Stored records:
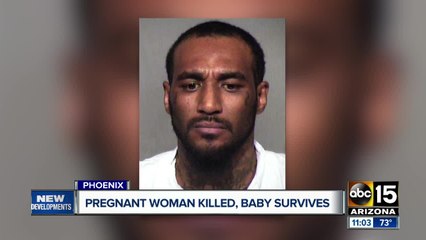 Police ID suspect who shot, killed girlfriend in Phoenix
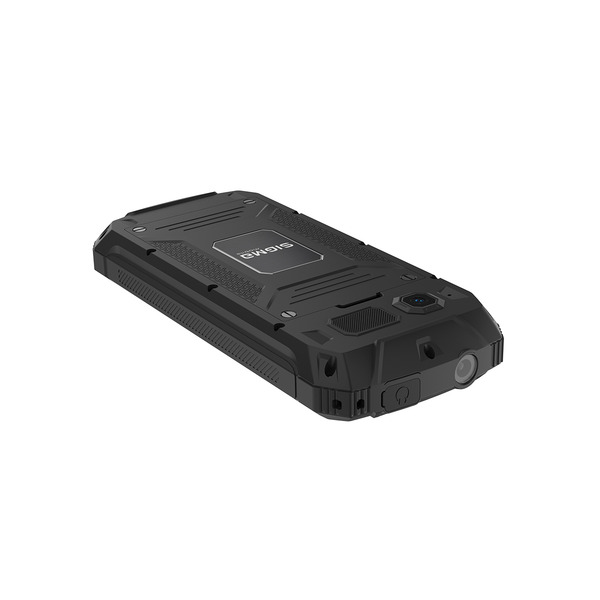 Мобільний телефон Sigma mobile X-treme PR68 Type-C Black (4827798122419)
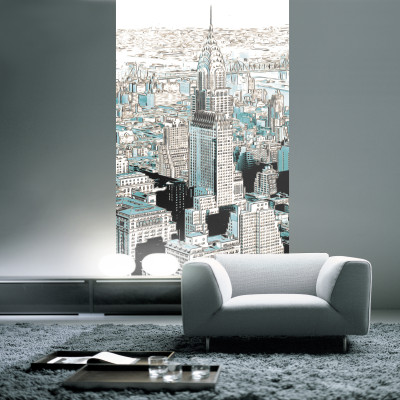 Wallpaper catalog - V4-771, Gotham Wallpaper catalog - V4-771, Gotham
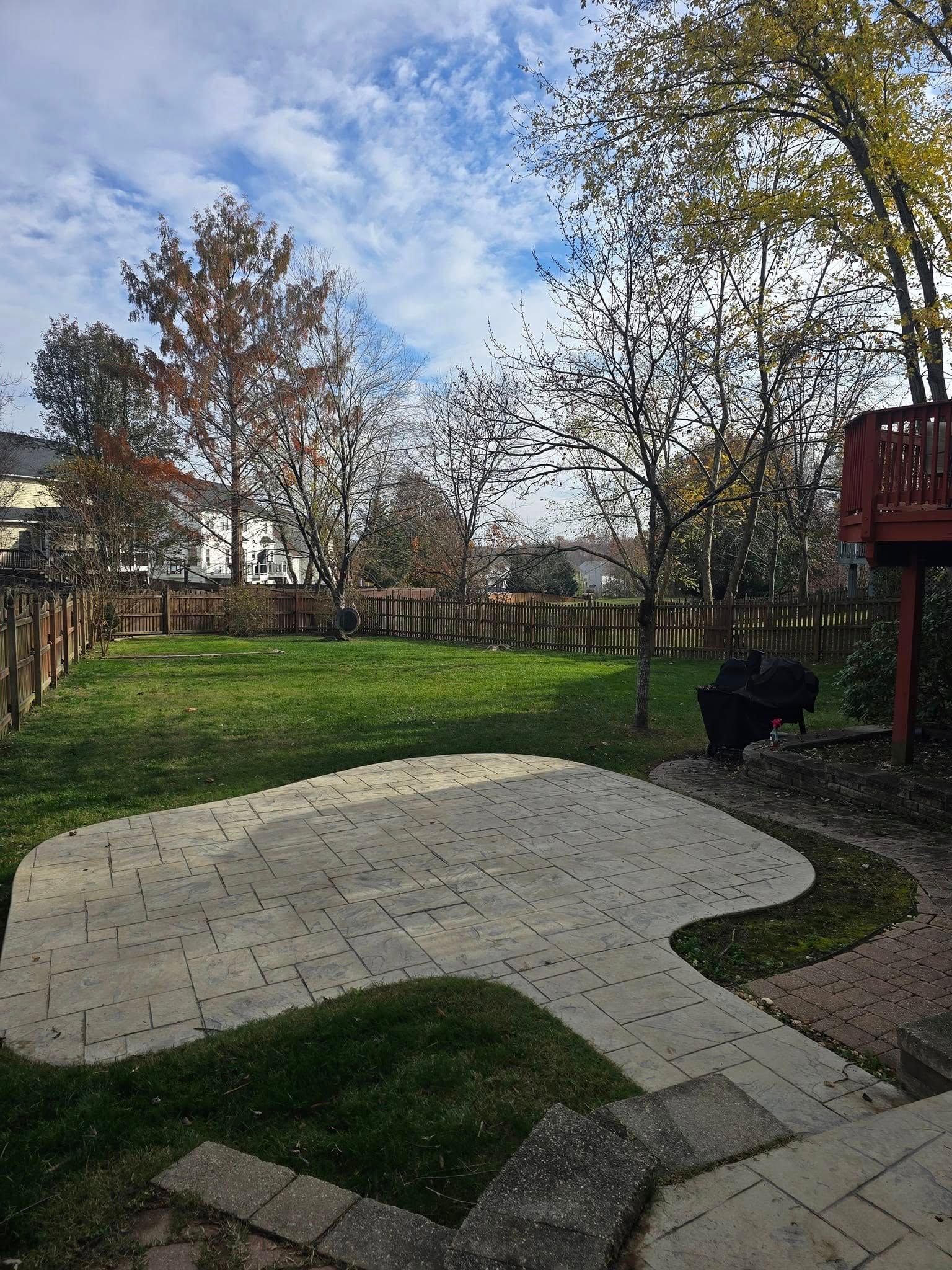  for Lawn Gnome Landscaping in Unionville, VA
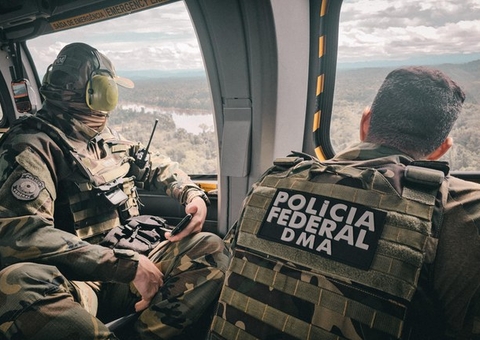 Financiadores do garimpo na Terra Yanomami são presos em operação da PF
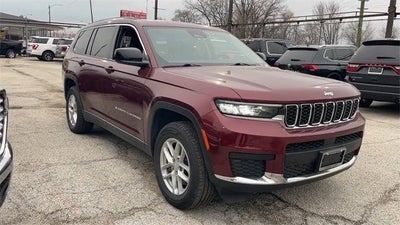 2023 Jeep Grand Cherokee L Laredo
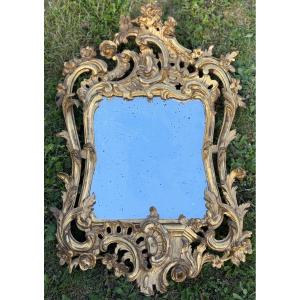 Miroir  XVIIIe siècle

Instructions for the task: What is needed is a word-for-word copy of the lines from the one containing "Мобільний телефон Sigma" through the final line of the records above, both included, with the pictures left out.

Response box:
 Мобільний телефон Sigma mobile X-treme PR68 Type-C Black (4827798122419)
 Wallpaper catalog - V4-771, Gotham Wallpaper catalog - V4-771, Gotham
  for Lawn Gnome Landscaping in Unionville, VA
 Financiadores do garimpo na Terra Yanomami são presos em operação da PF
 2023 Jeep Grand Cherokee L Laredo
 Miroir  XVIIIe siècle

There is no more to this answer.